Items from a data source:

○ ○ ○

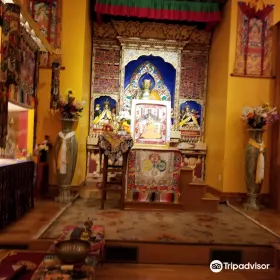 Namgyal Monastery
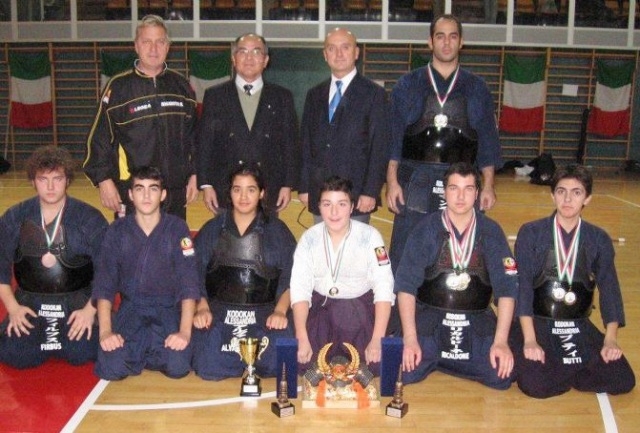Kendo: tempo di esami per l’Accademia Kodokan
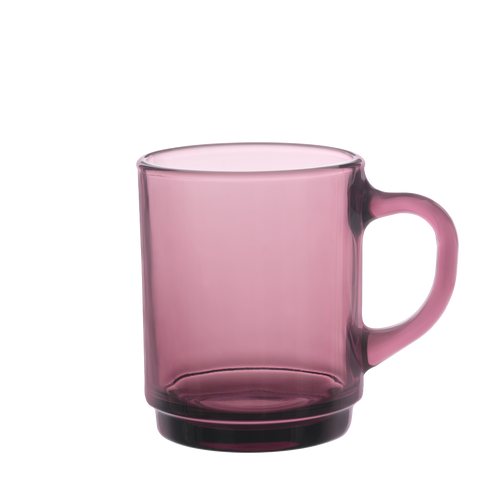 Versailles - Mug en verre 26 cl (Lot de 6)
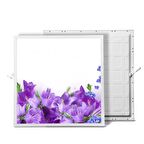 Gök Panel 60X60 LED Panel Sıva Altı Desenli Tekli 46510269SA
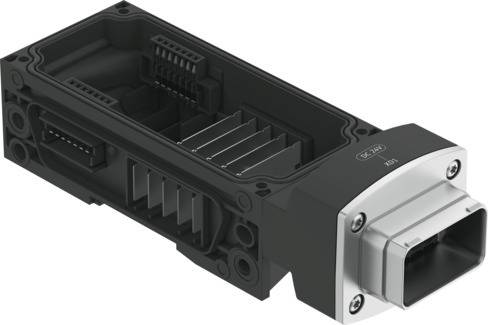 Imagen 1 de Alimentación adicional - CPX-AP-A-AL-1-PP-5P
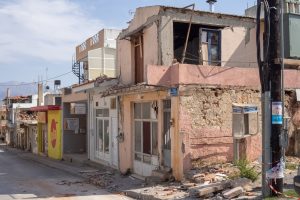 AI satellites speed earthquake rescue with rapid damage maps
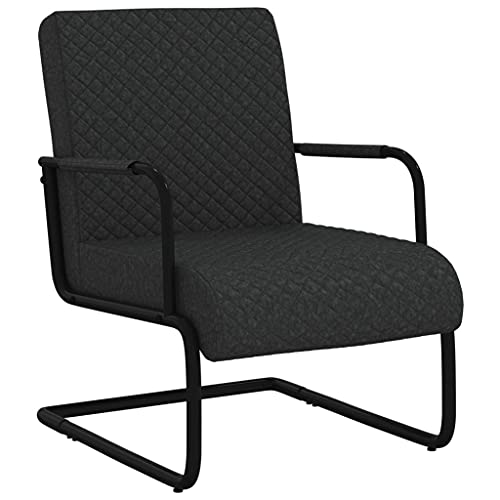 LIANGDONFC Sofa Stuhl Boss Chair、Sofa StuhlFreischwinger Schwarz KunstlederDie meisten der geschäftlichen Familie Gelegenheiten der Ruhe braucht von LIANGDONFC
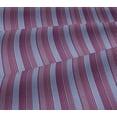 thumbnail image 4 of oneOone Viscose Jersey Fabric Multicolor Stripe Print Sewing Fabric BTY 60 Inch Wide, 4 of 4
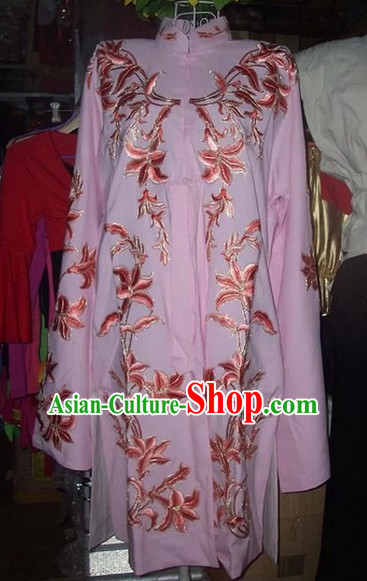 Traditional Chinese Peking Opera Garment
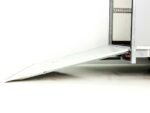 Vezeko Kofferanhänger 184x405cm Höhe:205cm 2,7t|Rampe|Tür|silber-Neu – Bild 9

○ ○ ○

**Work required**: Once the pictures are set aside, repeat the remaining data word for word.

**Written reply**:
 Namgyal Monastery
Kendo: tempo di esami per l’Accademia Kodokan
 Versailles - Mug en verre 26 cl (Lot de 6)
 Gök Panel 60X60 LED Panel Sıva Altı Desenli Tekli 46510269SA
 Imagen 1 de Alimentación adicional - CPX-AP-A-AL-1-PP-5P
 AI satellites speed earthquake rescue with rapid damage maps
 LIANGDONFC Sofa Stuhl Boss Chair、Sofa StuhlFreischwinger Schwarz KunstlederDie meisten der geschäftlichen Familie Gelegenheiten der Ruhe braucht von LIANGDONFC
 thumbnail image 4 of oneOone Viscose Jersey Fabric Multicolor Stripe Print Sewing Fabric BTY 60 Inch Wide, 4 of 4
 Traditional Chinese Peking Opera Garment
 Vezeko Kofferanhänger 184x405cm Höhe:205cm 2,7t|Rampe|Tür|silber-Neu – Bild 9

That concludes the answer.